To further investigate the morphology and structure of the catalysts, high-resolution transmission electron microscopy (HRTEM) were conducted. The measured average particle sizes of TiO2 and black TiO2 are 22.5 ± 3.0 nm and 28.1 ± 4.7 nm, respectively (Fig. S5 in Supporting information). The agglomeration of the catalysts after calcination at high temperature is one possible reason for the increase of average particle size. Additionally, as shown in Figs. 1d and e, Ru nanoparticles in the 2 wt% Ru/TiO2 and 2 wt% Ru/black TiO2 catalysts are loaded on the support surface in the form of small particle and the contact interface between Ru and support can be clearly observed. The lattice fringes belonged to the Ru (002) crystal facet are clearly observed [34]. Owing to the well-contacted interface, efficient photogenerated carriers transferring can be constructed during the reaction. In addition, the lattice fringes of TiO2 in 2 wt% Ru/TiO2 catalyst are orderly arranged, and the lattice spacing is 0.355 nm, belonging to (101) crystal facet of anatase TiO2 [35]. However, it is difficult to observe continuous lattice fringes in 2 wt% Ru/black TiO2. The removal of O during reduction treatment broke the stoichiometric balance of TiO2, forming amorphous phase [20,36]. This result also agrees with the XRD analysis result that the crystallinity of black TiO2 has been weakened structurally.

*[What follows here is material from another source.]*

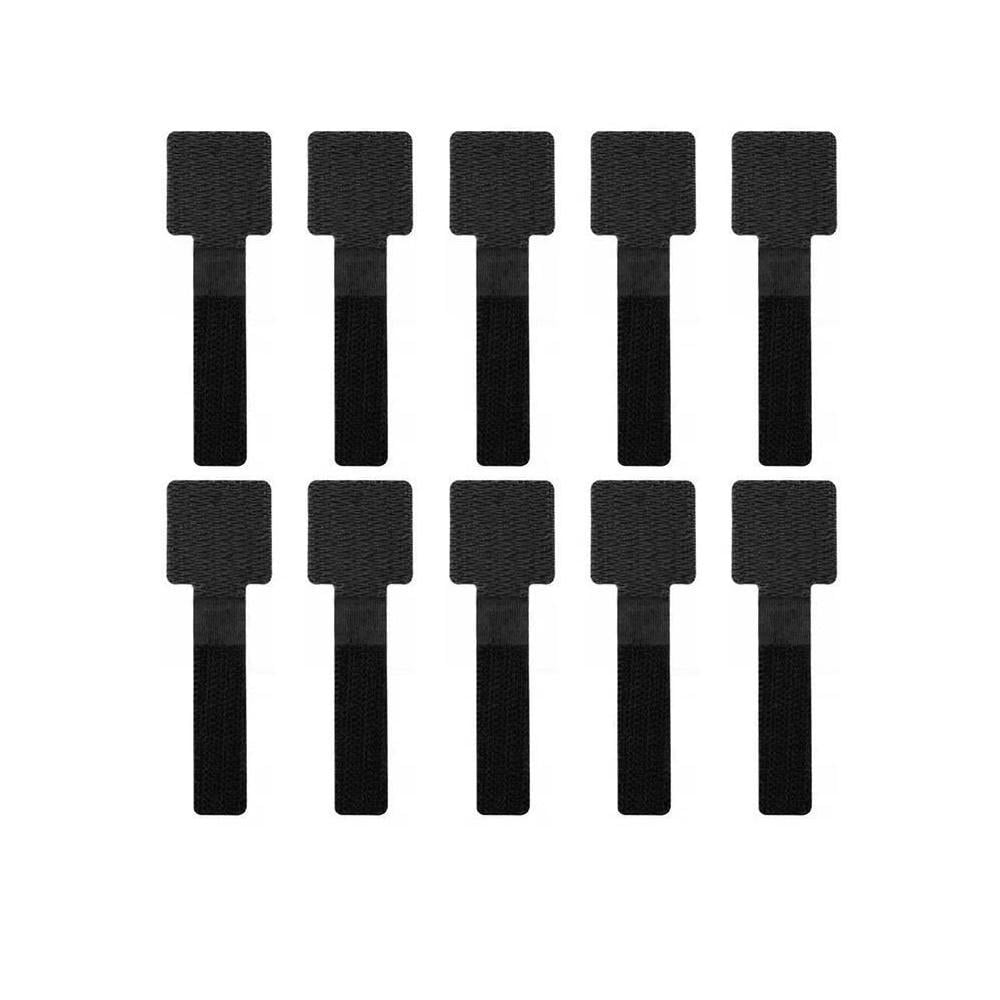 Набір липучоксамоклеючих для фіксації кабелів 10 шт. Чорний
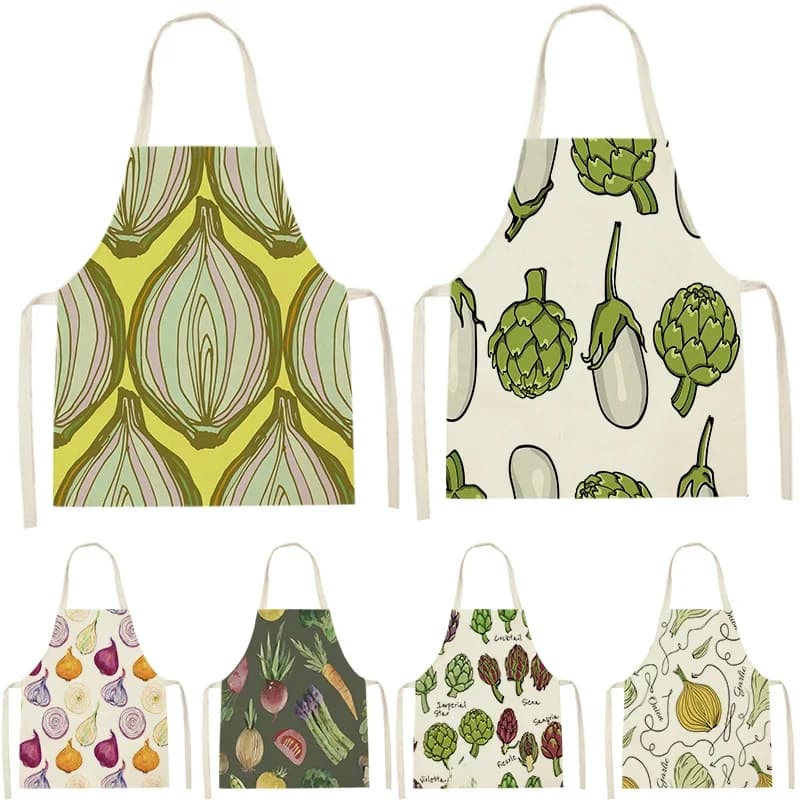 Bavoir pour famille, légumes frais, tomates, carottes, accessoires de cuisine, 68x55 Cm, boulangerie, nettoyage, Delantal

As aforementioned that the increase of catalytic activity of Ru/black TiO2 can also be attributed to the enhanced photothermal conversion ability, therefore, the photothermal conversion performances of Ru/TiO2 and Ru/black TiO2 were compared. Firstly, surface temperatures of the prepared catalysts under irradiation were directly observed based on IR temperature measuring device. As shown in Fig. S6 (Supporting information), the rising rate of the surface temperature of 2 wt% Ru/black TiO2 was significantly higher than that of 2 wt% Ru/TiO2 under irradiation. After 300 s, the surface temperature of 2 wt% Ru/black TiO2 reached 283.7 ℃, while the temperature of 2 wt% Ru/TiO2 was only 223.1 ℃. It can be seen from Fig. S7 (Supporting information) that the overall temperature of reaction system raised gradually during the reaction due to the photothermal conversion effect of the catalyst.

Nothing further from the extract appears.